Id. at 349, 447 F.2d at 319. The en banc Seventh
Circuit rejected this approach in favor of the "traditional," or
"elements" test. Under this test, one offense is not "necessarily
included" in another unless the elements of the lesser offense are
a subset of the elements of the charged offense. Where the lesser
offense requires an element not required for the greater offense,
no instruction is to be given under Rule 31(c).
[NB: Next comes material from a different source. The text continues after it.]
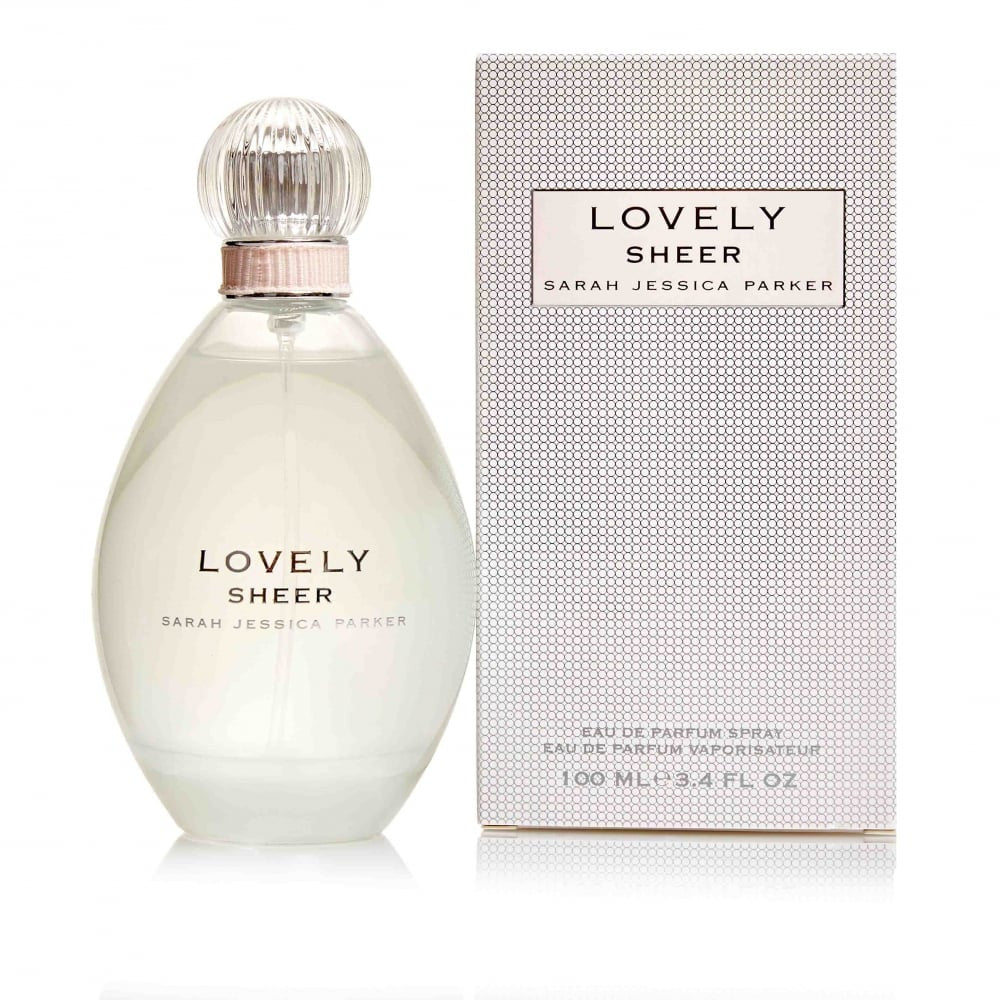 Sarah Jessica Parker Lovely Sheer 3.4 oz Eau De Parfum Spray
We now adopt the elements approach to Rule 31(c). As the Court
of Appeals noted, this approach is grounded in the language and
history of the Rule, and provides for greater certainty in its
application. It, moreover, is consistent with past decisions of
this Court which, though not specifically endorsing a particular
test, employed the elements approach in cases involving lesser
included offense instructions. [
Footnote 8]
First, the wording of Rule 31(c), although not conclusive,
supports the application of the elements approach. The Rule speaks
in terms of an offense that is "necessarily included in the offense
charged." This language suggests that the comparison to be drawn is
between
offenses. Since offenses are statutorily defined,
that comparison is appropriately conducted by reference to the
statutory elements of the offenses in question, and not, as the
inherent relationship approach
Page 489 U. S. 717
would mandate, by reference to conduct proved at trial
regardless of the statutory definitions. Furthermore, the language
of Rule 31(c) speaks of the necessary
inclusion of the
lesser offense in the greater. While the elements test is true to
this requirement, the inherent relationship approach dispenses with
the required relationship of necessary inclusion: the inherent
relationship approach permits a lesser included offense instruction
even if the proof of one offense does not invariably require proof
of the other, as long as the two offenses serve the same
legislative goals.
In addition, the inherent relationship approach, in practice,
would require that Rule 31(c) be applied in a manner inconsistent
with its language. The Rule provides that a defendant "may be found
guilty" of a lesser included offense, without distinguishing
between a request for jury instructions made by the Government and
one made by the defendant. In other words, the language of the Rule
suggests that a lesser included offense instruction is available in
equal measure to the defense and to the prosecution. [
Footnote 9] Yet, under the inherent
relationship approach, such mutuality is impossible.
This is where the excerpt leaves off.